Welcome to The Experiment, where we are “Baby, It's Cold Outside” originalists. But Christmas is so yesterday. We’ve got a week left to take advantage of the End of the World sales. Have you made a plan for the apocalypse yet?
This week is an especially immediate newsletter with a firm grasp of the moment. Sarah E. Moss, making her debut in The Experiment, maps the intersection of time and music in “It’s Rock and ‘Rona Time.” David McLemore returns to offer a new year’s resolution based on the last piece of advice he got from his late wife in “Look for Patterns.” Rachel Megan Barker checks in from Great Britain with a conventional new year’s resolution — with a twist — in “Sleep.” And Sonia Van Meter is finding the perfect metaphor for 2020 in her latest recap of Star Trek: Discovery in “‘You can’t just live in doorways.’”
And as always, we remember who we lost and offer recommendations on what to do (making recipes left behind by COVID victims), read (Robert Draper’s book on the Iraq War), watch (Ethan Hawke in “The Good Lord Bird”), and listen to (Benny Sings).
But first, did I ever tell you my secret for keeping new year’s resolutions?

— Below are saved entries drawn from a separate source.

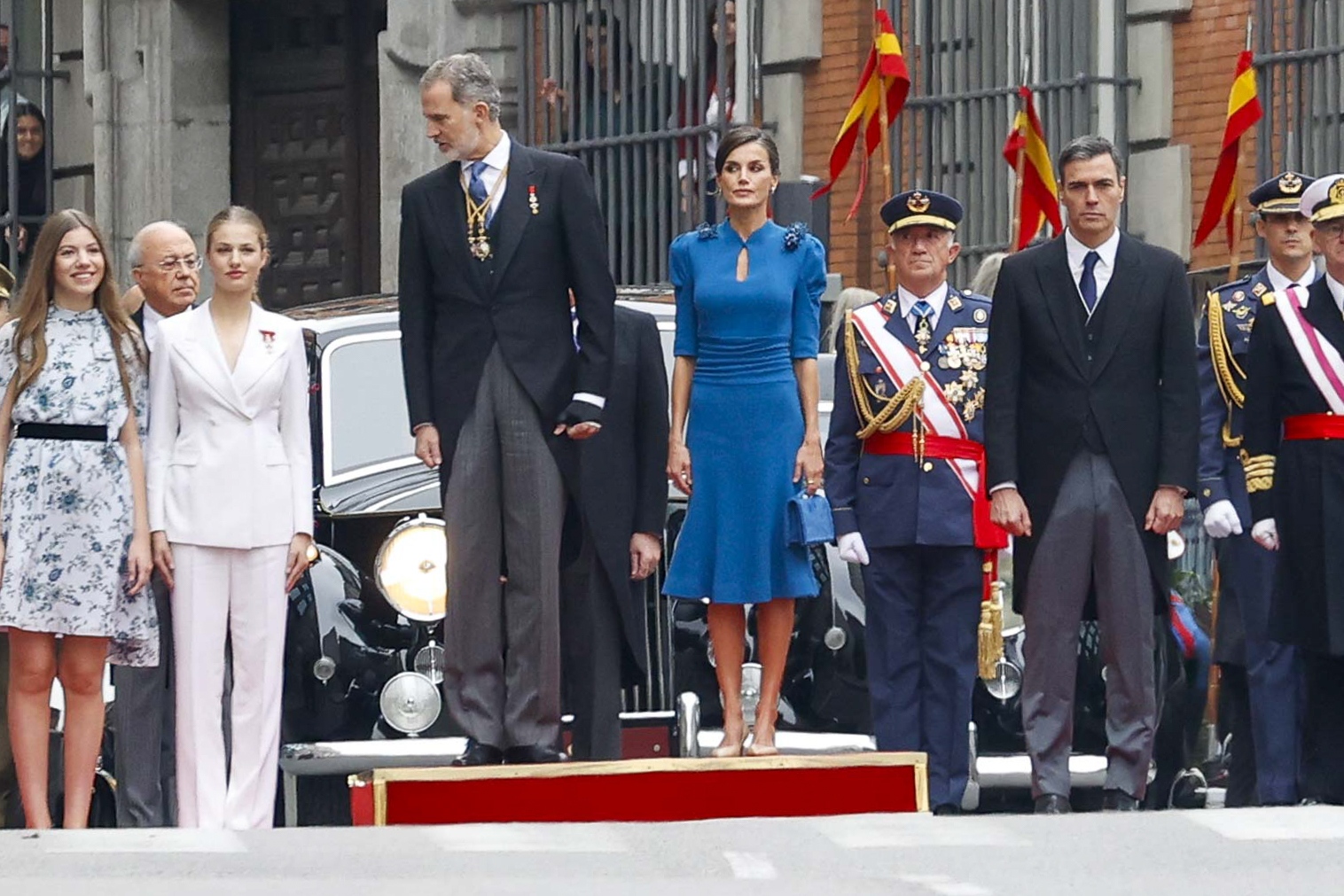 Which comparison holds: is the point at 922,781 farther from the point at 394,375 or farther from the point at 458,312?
the point at 394,375

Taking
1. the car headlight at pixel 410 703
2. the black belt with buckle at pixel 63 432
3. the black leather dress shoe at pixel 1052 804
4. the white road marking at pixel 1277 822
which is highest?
the black belt with buckle at pixel 63 432

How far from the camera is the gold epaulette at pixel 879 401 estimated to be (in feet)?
33.5

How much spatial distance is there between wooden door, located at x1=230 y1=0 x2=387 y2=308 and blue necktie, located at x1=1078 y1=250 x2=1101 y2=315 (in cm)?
1195

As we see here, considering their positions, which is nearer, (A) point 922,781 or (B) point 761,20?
(A) point 922,781

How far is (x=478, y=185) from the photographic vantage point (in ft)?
31.0

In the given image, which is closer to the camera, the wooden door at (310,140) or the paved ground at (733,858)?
the paved ground at (733,858)

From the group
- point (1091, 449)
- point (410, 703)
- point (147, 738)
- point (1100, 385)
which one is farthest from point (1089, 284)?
point (147, 738)

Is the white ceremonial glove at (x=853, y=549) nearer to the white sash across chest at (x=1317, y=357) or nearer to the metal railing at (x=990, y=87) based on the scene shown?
the white sash across chest at (x=1317, y=357)

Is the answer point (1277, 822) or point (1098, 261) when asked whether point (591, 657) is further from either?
point (1277, 822)

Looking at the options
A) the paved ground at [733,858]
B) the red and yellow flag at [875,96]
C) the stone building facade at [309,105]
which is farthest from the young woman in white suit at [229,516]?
the stone building facade at [309,105]

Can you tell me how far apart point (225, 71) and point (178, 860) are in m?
14.9

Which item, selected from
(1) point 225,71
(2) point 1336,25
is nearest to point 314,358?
(2) point 1336,25

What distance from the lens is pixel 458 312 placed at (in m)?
9.39

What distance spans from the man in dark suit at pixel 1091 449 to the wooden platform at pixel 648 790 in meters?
0.69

Let’s talk about my secret for keeping new year’s resolutions. People who tell you it’s about creating habits rather than achieving goals… I mean, if that worked, Americans would be a skinny, well-read bunch of moderate drinkers who never smoke. Meanwhile, here on Earth people run into brick walls with their eyes closed every January and wonder why they wake up in February with scrapes all over their face. The secret to keeping new year’s resolutions, I’ve found, is making the right ones. Let me share the resolutions I made — and kept — in 2020 to show you how it’s done.

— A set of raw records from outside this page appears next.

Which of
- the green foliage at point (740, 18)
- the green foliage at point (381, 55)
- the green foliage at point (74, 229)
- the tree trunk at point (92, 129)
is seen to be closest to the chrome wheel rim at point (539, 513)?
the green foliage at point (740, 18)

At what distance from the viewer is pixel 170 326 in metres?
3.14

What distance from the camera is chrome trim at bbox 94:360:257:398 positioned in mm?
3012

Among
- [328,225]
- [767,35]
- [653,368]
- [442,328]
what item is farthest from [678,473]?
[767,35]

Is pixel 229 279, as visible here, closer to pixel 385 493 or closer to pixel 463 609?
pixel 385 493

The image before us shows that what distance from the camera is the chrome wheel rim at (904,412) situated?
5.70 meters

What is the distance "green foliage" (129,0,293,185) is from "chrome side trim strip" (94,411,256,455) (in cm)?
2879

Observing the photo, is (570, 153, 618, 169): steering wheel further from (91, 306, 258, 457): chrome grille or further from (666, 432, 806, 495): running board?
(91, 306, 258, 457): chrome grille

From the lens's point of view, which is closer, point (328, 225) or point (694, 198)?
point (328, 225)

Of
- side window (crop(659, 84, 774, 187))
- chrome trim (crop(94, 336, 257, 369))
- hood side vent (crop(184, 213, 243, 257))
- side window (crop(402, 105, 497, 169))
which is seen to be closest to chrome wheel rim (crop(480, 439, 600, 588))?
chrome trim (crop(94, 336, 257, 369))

I resolve to maintain my decades-long unbroken streak of not going to a discotech in Cleveland in February with any member of the Bush family.
I resolve not to root for the New York Yankees, which is much easier than it may appear.
For that matter I resolve not to play for the New York Yankees.
I resolve not to vote for Donald Trump. Done! Many times, in fact, early and often.
I will not drop it like it’s hot unless it actually is hot.
I resolve never once to write with my feet nor to read with my eyes closed.
I resolve to wear pants at least some of the time, if not often.
Achieving such unvarnished success is easy, I tell you. Oh, who am I kidding. My success is highly varnished, several layers sanded and buffed to a high gloss. So proud was I of my system — and if you choose to call it The Stanford Method, who am I to argue, really? — that I recently let my wife in on the secret, which is when I learned that I have been doing everything wrong all along.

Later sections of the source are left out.